The information you see in the Caribbean Marriage Index will depend upon the date of the record and the place it is from. Generally speaking, the more modern records have more detail than the very earliest ones from the 16th and 17th centuries. As a minimum, you should see the following information:

• First name(s)

• Last name

• Marriage date

• Spouse’s first name(s)

• Spouse’s last name(s)

• Marriage place

This record set is an index only, without images of the original documents. It was created many years ago by volunteers using handwritten and sometimes hard-to-read microfilms of the originals, and is known to contain some errors.

Discover more about these records

This Caribbean collection contains a miscellany of marriage records from multiple sources for some of the islands in the West Indies. There are over 113,000 records from Barbados, 49,000 from the Dominican Republic and small quantities from such countries as Cuba, Haiti, Jamaica and Puerto Rico.
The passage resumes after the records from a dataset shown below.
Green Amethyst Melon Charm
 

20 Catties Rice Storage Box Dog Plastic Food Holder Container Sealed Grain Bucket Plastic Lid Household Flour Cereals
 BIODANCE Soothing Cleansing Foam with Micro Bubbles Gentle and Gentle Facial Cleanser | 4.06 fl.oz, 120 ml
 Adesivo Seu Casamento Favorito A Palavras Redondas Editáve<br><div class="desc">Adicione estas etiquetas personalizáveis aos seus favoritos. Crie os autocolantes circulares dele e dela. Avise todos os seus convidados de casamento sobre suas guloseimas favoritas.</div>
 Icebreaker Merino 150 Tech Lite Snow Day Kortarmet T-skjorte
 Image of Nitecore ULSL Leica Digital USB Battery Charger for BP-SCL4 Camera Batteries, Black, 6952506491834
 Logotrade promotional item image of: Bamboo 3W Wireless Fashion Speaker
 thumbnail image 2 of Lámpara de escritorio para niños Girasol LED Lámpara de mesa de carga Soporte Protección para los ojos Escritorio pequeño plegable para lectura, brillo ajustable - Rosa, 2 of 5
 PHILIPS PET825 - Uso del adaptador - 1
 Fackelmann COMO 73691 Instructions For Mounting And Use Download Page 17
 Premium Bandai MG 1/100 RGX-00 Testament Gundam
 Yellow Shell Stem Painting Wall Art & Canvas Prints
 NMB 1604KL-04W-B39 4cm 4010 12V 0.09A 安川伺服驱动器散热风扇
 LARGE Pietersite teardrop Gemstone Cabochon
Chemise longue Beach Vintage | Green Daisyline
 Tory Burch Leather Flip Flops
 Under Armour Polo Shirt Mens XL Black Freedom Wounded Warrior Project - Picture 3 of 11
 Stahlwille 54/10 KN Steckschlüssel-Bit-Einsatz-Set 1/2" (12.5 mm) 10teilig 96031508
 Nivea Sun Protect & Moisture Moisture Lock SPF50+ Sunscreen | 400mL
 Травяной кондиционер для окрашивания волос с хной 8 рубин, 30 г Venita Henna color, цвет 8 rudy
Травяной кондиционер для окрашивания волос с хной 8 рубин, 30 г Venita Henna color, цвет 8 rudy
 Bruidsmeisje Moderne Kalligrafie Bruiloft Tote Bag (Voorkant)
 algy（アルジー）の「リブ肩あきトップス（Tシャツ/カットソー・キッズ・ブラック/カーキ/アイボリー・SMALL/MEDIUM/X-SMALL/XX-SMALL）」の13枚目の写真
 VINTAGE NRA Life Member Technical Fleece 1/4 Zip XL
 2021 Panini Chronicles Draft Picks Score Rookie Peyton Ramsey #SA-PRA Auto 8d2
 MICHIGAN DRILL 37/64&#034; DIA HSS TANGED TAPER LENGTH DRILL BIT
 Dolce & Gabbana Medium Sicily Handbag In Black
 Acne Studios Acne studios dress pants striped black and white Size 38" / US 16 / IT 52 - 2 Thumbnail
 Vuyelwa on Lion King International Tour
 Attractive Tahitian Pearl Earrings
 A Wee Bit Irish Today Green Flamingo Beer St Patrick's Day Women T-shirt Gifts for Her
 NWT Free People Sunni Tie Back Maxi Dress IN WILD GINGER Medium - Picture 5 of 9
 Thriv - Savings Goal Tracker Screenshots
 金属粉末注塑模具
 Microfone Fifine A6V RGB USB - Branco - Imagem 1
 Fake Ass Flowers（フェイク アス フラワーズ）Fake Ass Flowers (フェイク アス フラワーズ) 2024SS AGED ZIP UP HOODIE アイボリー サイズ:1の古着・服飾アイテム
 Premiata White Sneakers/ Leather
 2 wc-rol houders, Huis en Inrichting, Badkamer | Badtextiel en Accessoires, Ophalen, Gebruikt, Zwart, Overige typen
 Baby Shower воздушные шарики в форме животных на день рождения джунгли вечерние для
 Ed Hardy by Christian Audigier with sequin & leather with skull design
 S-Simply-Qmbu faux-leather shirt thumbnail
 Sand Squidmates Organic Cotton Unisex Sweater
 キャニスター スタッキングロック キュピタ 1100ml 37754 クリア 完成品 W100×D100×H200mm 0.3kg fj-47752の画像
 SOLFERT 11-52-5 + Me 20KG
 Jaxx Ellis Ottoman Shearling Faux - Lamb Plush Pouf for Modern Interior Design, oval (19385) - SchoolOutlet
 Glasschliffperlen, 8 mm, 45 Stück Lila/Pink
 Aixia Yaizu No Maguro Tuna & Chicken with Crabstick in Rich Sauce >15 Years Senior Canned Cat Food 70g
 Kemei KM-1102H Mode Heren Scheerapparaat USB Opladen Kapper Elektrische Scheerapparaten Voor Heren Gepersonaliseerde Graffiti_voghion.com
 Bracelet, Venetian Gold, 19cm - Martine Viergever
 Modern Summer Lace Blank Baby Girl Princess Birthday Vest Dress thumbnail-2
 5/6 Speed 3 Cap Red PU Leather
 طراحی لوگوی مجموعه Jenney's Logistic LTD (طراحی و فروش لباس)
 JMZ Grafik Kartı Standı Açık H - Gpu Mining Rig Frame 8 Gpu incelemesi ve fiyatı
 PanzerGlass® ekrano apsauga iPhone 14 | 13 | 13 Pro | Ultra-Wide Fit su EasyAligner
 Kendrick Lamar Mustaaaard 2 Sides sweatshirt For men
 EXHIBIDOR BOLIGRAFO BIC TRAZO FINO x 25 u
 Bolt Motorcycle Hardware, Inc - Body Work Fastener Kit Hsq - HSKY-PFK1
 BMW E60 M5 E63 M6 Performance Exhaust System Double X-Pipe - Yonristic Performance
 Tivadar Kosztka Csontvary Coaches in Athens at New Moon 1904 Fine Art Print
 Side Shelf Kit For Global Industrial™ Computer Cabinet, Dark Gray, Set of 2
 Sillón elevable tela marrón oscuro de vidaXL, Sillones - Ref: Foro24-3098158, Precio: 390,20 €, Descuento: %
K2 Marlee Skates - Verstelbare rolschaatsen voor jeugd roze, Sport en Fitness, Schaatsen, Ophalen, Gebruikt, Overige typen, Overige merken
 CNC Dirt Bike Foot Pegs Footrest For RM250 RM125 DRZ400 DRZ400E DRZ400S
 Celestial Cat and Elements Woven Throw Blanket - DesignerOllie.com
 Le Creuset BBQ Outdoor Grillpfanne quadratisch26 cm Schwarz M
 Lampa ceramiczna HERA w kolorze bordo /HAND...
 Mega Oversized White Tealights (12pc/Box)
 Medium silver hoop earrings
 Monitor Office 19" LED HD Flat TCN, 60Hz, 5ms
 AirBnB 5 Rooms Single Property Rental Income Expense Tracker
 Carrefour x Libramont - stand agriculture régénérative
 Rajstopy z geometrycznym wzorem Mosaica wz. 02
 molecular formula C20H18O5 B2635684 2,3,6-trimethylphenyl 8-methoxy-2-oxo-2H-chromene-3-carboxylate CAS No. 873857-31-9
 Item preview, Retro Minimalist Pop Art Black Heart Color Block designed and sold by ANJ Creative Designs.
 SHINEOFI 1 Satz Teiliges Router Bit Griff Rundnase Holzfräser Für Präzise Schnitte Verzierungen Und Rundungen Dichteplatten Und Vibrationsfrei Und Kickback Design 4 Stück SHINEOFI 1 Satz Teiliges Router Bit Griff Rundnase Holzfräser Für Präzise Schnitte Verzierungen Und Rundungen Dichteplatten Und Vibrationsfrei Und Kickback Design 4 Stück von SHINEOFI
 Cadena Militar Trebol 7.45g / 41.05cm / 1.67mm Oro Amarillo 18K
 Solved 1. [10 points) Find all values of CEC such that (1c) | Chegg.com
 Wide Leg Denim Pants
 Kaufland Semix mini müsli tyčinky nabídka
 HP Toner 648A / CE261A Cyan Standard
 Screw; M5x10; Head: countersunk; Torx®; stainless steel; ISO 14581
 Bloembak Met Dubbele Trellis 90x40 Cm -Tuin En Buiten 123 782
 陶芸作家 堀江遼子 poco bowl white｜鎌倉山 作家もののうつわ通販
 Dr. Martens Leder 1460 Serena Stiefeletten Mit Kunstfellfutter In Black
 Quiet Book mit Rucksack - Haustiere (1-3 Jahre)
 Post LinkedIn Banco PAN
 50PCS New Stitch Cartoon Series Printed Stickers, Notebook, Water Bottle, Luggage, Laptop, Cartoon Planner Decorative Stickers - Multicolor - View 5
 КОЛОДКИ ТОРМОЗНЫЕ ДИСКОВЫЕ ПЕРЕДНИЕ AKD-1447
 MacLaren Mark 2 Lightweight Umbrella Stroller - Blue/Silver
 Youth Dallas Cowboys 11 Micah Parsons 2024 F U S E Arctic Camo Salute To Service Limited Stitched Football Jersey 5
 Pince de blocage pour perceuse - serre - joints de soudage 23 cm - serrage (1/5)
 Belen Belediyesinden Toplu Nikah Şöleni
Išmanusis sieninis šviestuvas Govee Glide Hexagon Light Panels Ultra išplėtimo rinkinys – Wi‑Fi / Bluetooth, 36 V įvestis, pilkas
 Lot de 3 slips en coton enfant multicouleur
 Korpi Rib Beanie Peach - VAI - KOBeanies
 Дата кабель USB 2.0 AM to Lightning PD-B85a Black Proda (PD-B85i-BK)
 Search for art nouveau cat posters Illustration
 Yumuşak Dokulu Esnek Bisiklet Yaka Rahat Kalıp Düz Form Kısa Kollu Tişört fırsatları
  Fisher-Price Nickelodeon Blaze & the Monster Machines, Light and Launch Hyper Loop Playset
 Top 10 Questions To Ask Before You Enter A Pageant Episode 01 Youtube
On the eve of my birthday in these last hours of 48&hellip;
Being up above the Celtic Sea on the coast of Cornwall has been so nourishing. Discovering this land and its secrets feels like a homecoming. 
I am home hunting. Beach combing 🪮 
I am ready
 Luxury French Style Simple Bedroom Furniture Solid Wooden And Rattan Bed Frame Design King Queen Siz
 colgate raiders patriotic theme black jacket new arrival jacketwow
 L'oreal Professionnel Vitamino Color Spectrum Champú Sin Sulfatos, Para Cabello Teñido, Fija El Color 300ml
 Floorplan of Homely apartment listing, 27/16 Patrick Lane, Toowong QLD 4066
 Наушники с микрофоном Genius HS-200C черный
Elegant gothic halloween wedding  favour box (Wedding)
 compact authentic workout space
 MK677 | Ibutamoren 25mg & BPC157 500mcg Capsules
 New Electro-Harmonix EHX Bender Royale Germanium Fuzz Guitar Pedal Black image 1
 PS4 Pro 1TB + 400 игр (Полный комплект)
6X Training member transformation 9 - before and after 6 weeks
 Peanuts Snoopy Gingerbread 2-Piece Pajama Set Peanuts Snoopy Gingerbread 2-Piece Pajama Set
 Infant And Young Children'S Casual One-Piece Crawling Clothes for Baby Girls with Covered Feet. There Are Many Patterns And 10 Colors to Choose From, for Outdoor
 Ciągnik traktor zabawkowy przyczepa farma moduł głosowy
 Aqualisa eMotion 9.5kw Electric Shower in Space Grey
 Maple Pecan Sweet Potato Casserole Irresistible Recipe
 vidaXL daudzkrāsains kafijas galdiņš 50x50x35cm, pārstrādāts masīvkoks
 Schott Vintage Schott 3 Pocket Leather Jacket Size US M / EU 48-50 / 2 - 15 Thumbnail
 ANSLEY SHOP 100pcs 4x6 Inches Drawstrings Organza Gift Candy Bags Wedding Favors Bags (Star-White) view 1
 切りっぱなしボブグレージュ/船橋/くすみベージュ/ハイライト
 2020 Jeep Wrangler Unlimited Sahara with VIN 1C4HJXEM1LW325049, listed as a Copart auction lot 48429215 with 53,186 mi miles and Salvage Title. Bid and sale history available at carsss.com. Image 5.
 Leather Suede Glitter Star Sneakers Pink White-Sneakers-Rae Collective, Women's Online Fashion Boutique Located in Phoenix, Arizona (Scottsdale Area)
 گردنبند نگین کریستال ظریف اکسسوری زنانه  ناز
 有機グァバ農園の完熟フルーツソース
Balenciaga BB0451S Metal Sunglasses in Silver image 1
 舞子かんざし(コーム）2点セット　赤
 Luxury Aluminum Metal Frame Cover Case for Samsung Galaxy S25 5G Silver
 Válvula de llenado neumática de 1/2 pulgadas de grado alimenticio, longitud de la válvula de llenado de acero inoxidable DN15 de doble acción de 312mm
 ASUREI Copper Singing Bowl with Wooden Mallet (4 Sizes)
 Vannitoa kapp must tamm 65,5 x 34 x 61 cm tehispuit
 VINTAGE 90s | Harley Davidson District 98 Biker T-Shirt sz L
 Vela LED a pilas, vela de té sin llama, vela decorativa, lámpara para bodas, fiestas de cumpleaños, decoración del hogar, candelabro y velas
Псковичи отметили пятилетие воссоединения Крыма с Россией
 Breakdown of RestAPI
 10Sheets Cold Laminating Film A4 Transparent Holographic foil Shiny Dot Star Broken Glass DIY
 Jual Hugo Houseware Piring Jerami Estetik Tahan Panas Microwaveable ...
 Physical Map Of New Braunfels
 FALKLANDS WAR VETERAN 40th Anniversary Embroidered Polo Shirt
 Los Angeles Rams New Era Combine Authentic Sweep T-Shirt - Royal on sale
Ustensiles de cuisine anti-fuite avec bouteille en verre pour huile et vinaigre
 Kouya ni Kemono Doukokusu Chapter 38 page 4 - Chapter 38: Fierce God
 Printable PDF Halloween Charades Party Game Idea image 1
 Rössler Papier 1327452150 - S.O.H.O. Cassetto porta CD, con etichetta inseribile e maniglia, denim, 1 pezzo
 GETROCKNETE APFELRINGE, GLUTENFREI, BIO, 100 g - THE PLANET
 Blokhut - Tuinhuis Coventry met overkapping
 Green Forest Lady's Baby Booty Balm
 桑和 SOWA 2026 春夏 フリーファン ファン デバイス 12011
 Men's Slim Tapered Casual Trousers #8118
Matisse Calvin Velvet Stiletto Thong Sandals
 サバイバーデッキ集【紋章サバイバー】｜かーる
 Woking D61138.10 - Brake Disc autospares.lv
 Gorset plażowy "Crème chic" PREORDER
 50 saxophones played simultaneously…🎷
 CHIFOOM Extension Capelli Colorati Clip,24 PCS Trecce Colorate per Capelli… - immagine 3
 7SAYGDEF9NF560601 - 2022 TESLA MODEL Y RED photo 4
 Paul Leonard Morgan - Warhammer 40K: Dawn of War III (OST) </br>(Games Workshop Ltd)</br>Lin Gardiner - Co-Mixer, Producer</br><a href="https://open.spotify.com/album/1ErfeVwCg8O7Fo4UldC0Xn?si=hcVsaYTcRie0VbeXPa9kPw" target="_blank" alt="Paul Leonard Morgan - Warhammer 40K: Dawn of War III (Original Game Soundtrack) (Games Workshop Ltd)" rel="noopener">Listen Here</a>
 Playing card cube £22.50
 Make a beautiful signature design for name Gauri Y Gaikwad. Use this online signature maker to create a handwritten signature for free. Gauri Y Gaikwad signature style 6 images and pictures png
Note that some administrative terms may have different meanings in different contexts. For example, in Jamaica a parish is a unit of local government – in other words, it has a civil rather than ecclesiastical meaning (even though some of the parishes are named after Anglican churches). This also means that, in this sense, a parish in Jamaican contains within it many ecclesiastical parishes. Similarly, in Barbados, all the parishes, which are named after the mother churches of the main ecclesiastical churches, serve local government functions. As with Jamaica, a Barbadian parish may cover several Anglican ecclesiastical parishes. On both islands, therefore, the meaning of “parish” is different to that in, for example, Britain or North America.